» **TASK**: Here are some records; return them all exactly.

== Segment start ==

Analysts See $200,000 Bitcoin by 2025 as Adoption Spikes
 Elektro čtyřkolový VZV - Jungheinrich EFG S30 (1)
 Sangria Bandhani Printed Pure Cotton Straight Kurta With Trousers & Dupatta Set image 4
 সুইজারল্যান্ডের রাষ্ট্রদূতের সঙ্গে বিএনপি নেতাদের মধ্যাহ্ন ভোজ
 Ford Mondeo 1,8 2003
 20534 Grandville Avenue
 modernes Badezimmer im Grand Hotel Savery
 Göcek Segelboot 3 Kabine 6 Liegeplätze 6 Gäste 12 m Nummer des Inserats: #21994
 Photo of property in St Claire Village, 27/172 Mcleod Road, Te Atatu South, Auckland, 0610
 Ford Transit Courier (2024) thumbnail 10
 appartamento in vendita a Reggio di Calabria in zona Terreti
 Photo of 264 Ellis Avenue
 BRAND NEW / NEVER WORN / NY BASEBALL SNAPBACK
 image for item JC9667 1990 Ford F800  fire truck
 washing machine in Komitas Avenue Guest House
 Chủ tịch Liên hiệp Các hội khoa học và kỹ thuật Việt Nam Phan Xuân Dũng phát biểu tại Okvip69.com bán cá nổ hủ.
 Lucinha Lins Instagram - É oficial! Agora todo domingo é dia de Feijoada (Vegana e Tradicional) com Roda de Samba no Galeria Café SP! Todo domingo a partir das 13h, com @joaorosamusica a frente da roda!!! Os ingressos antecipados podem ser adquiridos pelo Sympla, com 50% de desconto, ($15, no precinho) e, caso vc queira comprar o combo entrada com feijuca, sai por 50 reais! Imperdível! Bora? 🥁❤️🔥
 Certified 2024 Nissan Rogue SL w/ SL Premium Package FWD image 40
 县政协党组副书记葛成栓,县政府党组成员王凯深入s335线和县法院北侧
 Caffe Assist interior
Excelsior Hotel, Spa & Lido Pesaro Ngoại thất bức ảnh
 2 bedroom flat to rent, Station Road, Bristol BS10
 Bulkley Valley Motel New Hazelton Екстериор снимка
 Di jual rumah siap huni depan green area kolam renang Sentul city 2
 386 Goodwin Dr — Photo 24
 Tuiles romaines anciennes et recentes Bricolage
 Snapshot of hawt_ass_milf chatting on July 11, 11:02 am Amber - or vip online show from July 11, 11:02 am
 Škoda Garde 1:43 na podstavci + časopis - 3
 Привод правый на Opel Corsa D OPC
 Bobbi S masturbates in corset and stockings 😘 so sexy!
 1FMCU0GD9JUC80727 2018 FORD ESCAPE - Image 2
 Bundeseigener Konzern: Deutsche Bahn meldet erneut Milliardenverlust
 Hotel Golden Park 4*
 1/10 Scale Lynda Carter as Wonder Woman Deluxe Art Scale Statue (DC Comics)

== Segment end ==

» **SOLUTION TO THIS EXERCISE**:
Analysts See $200,000 Bitcoin by 2025 as Adoption Spikes
 Elektro čtyřkolový VZV - Jungheinrich EFG S30 (1)
 Sangria Bandhani Printed Pure Cotton Straight Kurta With Trousers & Dupatta Set image 4
 সুইজারল্যান্ডের রাষ্ট্রদূতের সঙ্গে বিএনপি নেতাদের মধ্যাহ্ন ভোজ
 Ford Mondeo 1,8 2003
 20534 Grandville Avenue
 modernes Badezimmer im Grand Hotel Savery
 Göcek Segelboot 3 Kabine 6 Liegeplätze 6 Gäste 12 m Nummer des Inserats: #21994
 Photo of property in St Claire Village, 27/172 Mcleod Road, Te Atatu South, Auckland, 0610
 Ford Transit Courier (2024) thumbnail 10
 appartamento in vendita a Reggio di Calabria in zona Terreti
 Photo of 264 Ellis Avenue
 BRAND NEW / NEVER WORN / NY BASEBALL SNAPBACK
 image for item JC9667 1990 Ford F800  fire truck
 washing machine in Komitas Avenue Guest House
 Chủ tịch Liên hiệp Các hội khoa học và kỹ thuật Việt Nam Phan Xuân Dũng phát biểu tại Okvip69.com bán cá nổ hủ.
 Lucinha Lins Instagram - É oficial! Agora todo domingo é dia de Feijoada (Vegana e Tradicional) com Roda de Samba no Galeria Café SP! Todo domingo a partir das 13h, com @joaorosamusica a frente da roda!!! Os ingressos antecipados podem ser adquiridos pelo Sympla, com 50% de desconto, ($15, no precinho) e, caso vc queira comprar o combo entrada com feijuca, sai por 50 reais! Imperdível! Bora? 🥁❤️🔥
 Certified 2024 Nissan Rogue SL w/ SL Premium Package FWD image 40
 县政协党组副书记葛成栓,县政府党组成员王凯深入s335线和县法院北侧
 Caffe Assist interior
Excelsior Hotel, Spa & Lido Pesaro Ngoại thất bức ảnh
 2 bedroom flat to rent, Station Road, Bristol BS10
 Bulkley Valley Motel New Hazelton Екстериор снимка
 Di jual rumah siap huni depan green area kolam renang Sentul city 2
 386 Goodwin Dr — Photo 24
 Tuiles romaines anciennes et recentes Bricolage
 Snapshot of hawt_ass_milf chatting on July 11, 11:02 am Amber - or vip online show from July 11, 11:02 am
 Škoda Garde 1:43 na podstavci + časopis - 3
 Привод правый на Opel Corsa D OPC
 Bobbi S masturbates in corset and stockings 😘 so sexy!
 1FMCU0GD9JUC80727 2018 FORD ESCAPE - Image 2
 Bundeseigener Konzern: Deutsche Bahn meldet erneut Milliardenverlust
 Hotel Golden Park 4*
 1/10 Scale Lynda Carter as Wonder Woman Deluxe Art Scale Statue (DC Comics)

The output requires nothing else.